Covering the Front and Back Pages of the Newspaper
January 30, 2005
BLOG: Choice and Reason
I got a complimentary copy about a week ago of "Choice, the best of Reason," a collection ostensibly showcasing the best of Reason Magazine, the hip monthly with a libertarian point of view. Being easily bought by free goodies, I started reading it right away so I could post about the book.
As a collection of lively and interesting magazine pieces, "Choice" doesn't disappoint. There are three pieces here I'd already read on the web - the interview with Dave Barry, Matt Welch's profile of Vaclav Havel, and the "35 Heroes of Freedom." I'd highly recommend the Barry and Havel profiles.
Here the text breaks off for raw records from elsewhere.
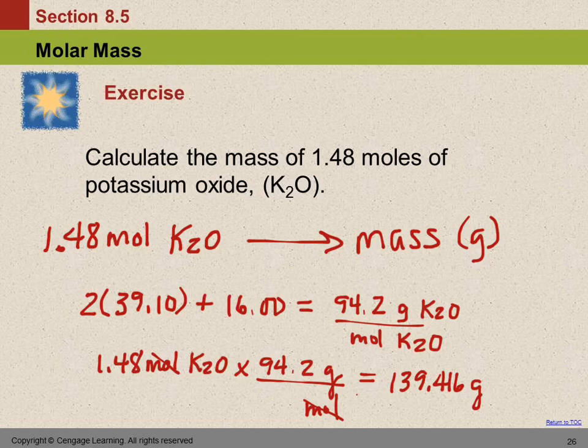Looking back at the molar mass, I notice it only shows 3 digits. That's because my calculator didn't display more. The number should really have 4 significant figures — there's a zero that belongs there. My mistake: 39.10 × 2 + 16.00 = 94.20 grams per mole.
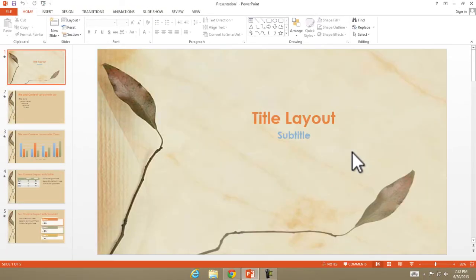Here you are — this is the template, you can use it. Thanks for watching my video, guys.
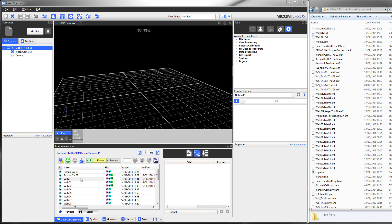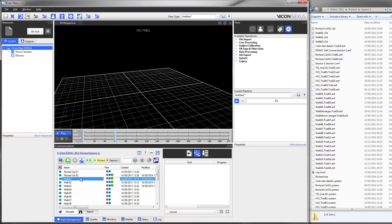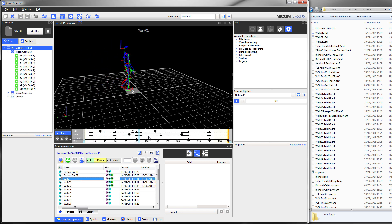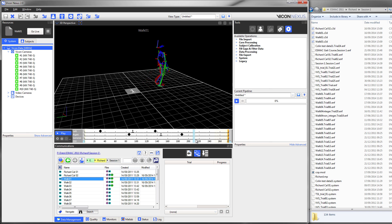One of the new and exciting features within Nexus 2 is the Python integration. Today I will show you a small script that allows us to export normalized data for a specific trial to PDF.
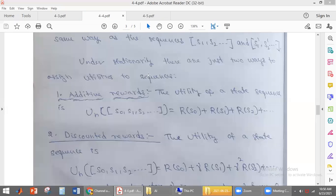The history can be done by using two ways. The first one is additive rewards, the second one is discounted reward.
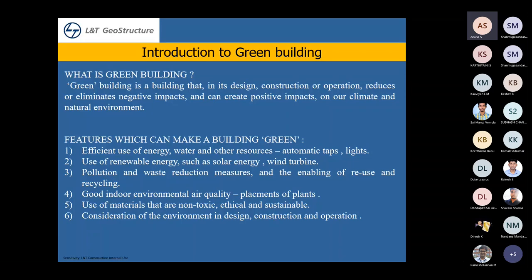Introduction to green building. A green building is one that in its design, construction, and operation reduces or eliminates negative impacts and creates positive impacts on the climate and natural environment.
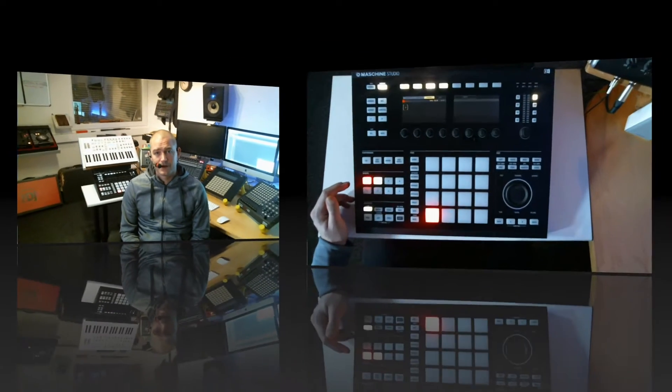Hi, welcome to Cygnosound Studio tutorials. My name is Jesper, and today we're going to talk about keyboard mode in Machine Studio. There are some great possibilities in there — there's the harmony mode, there's the chord mode. So let's jump to the Machine Studio and see what we can do.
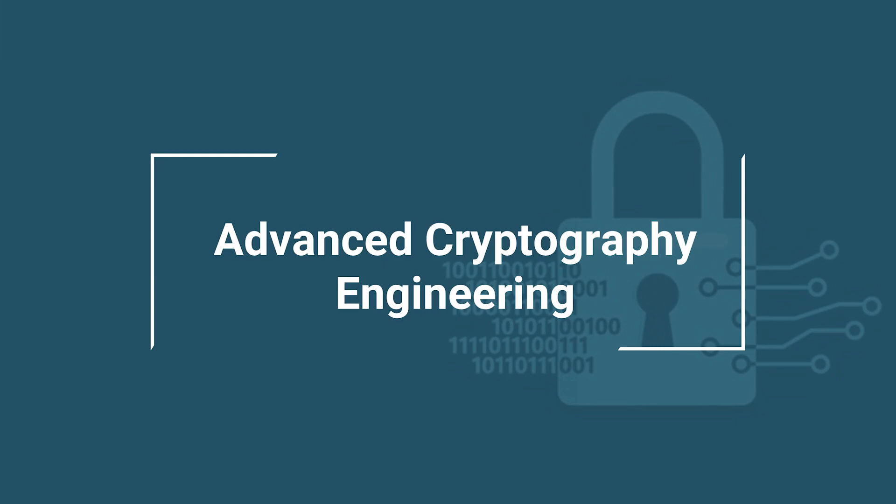Hello everyone, welcome to the course of Advanced Cryptography Engineering. My name is Lei Xu, instructor of this course.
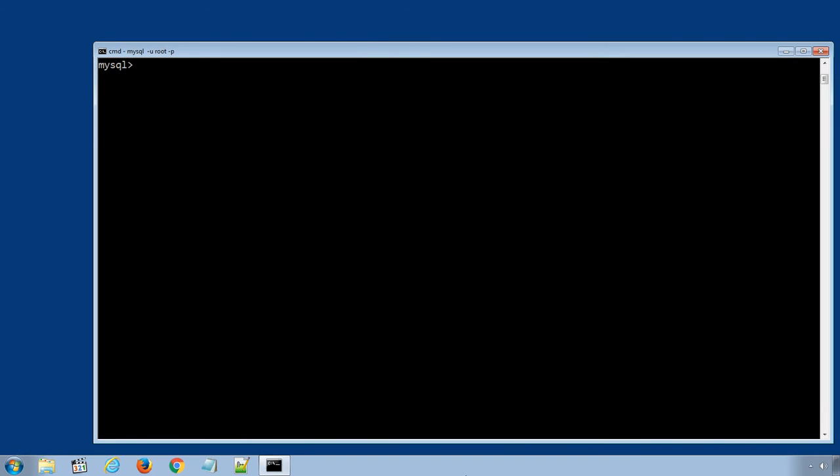I have logged in to my MySQL database server using my root username and password. First of all, let's display all the existing databases using SQL statement SHOW DATABASES.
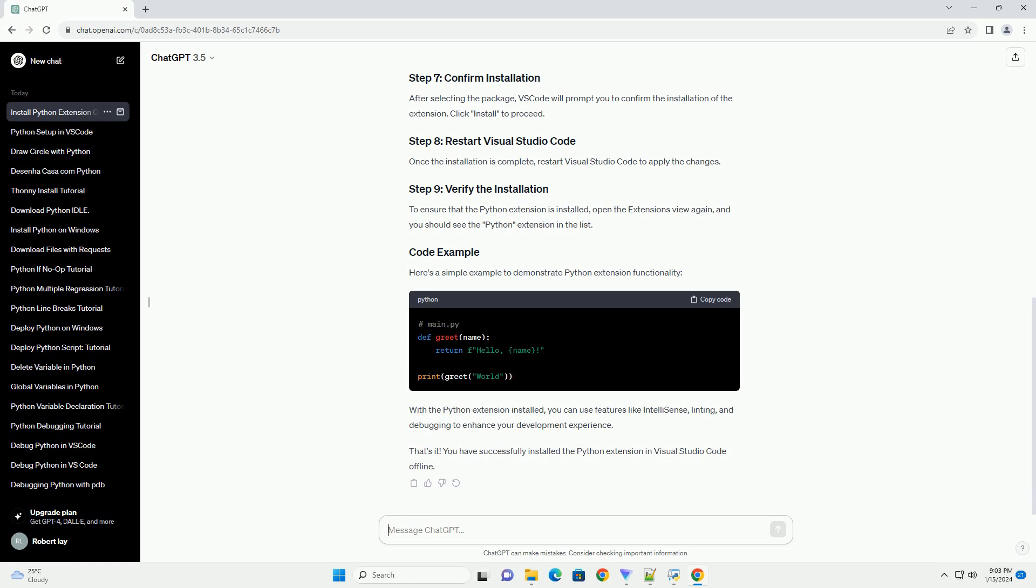Once the installation is complete, restart Visual Studio Code to apply the changes. To ensure that the Python extension is installed, open the Extensions view again, and you should see the Python extension in the list.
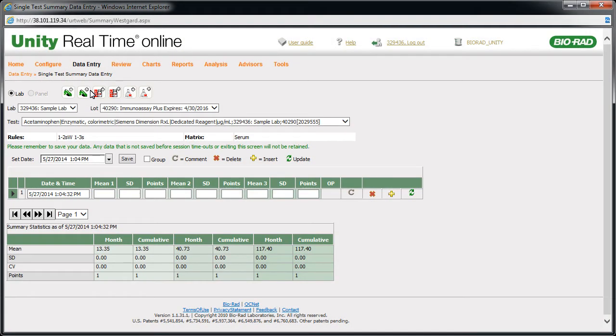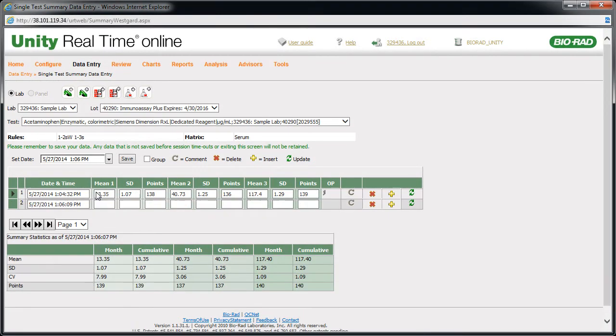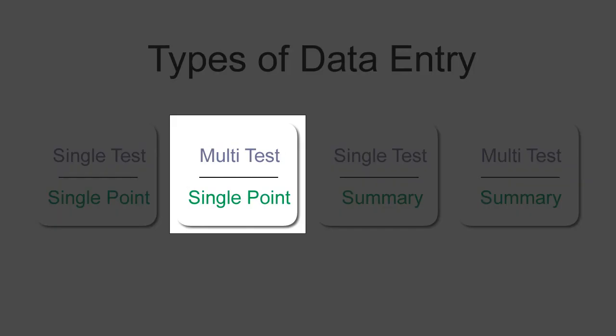Select the date. Then enter the mean, SD, and number of points. After entering all of your data, click Save. Now we'll take a look at entering single point data for multiple tests at the same time.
In fact, much of what's in here is profiles, not all of people who fit in the libertarian box: there's also a perceptive and highly sympathetic profile of Clarence Thomas, plumbing the roots of his anger* leading up to the infamous "high-tech lynching" speech, as well as interviews with Milton Friedman, Christopher Hitchens, John Stossel, Norman Borlaug, and Drew Carey. More expected, there are skeptical looks at the War on Drugs, Gulf War Syndrome, the child-safety culture, and medical underuse of pain medication. The book is far less of a primer on libertarianism; you won't find anything here that reads like John Galt's speech in "Atlas Shrugged," and any number of issues are uncovered.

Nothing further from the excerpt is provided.